_Information supplied_:
######
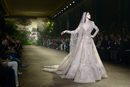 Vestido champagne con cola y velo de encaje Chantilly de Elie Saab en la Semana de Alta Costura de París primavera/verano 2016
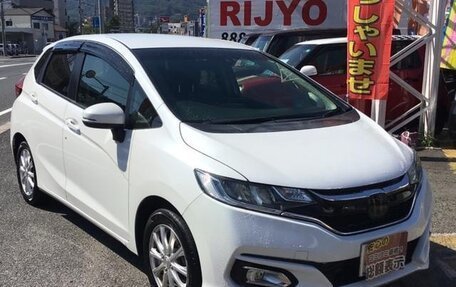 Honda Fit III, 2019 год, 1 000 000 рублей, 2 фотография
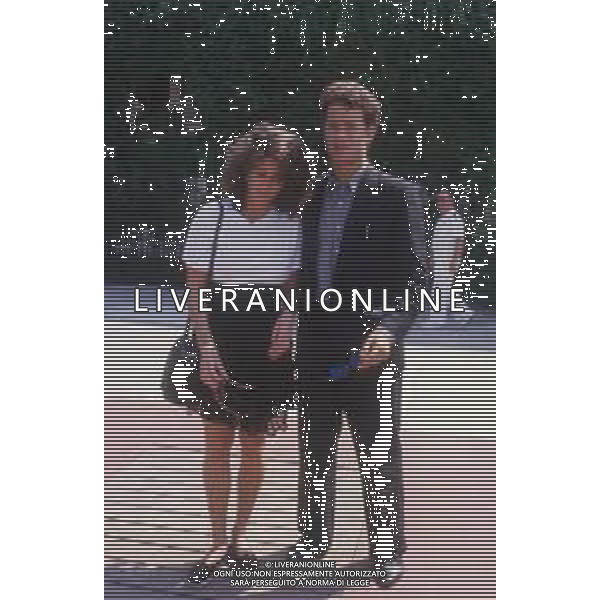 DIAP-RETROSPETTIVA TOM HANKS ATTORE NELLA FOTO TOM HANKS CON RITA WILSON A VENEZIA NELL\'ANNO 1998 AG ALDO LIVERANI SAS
######
_Action item_: Starting at the line that contains "Honda Fit III, 2019" and ending with the last line of the data, transcribe every line exactly; skip the pictures.

_Your response_:
 Honda Fit III, 2019 год, 1 000 000 рублей, 2 фотография
 DIAP-RETROSPETTIVA TOM HANKS ATTORE NELLA FOTO TOM HANKS CON RITA WILSON A VENEZIA NELL\'ANNO 1998 AG ALDO LIVERANI SAS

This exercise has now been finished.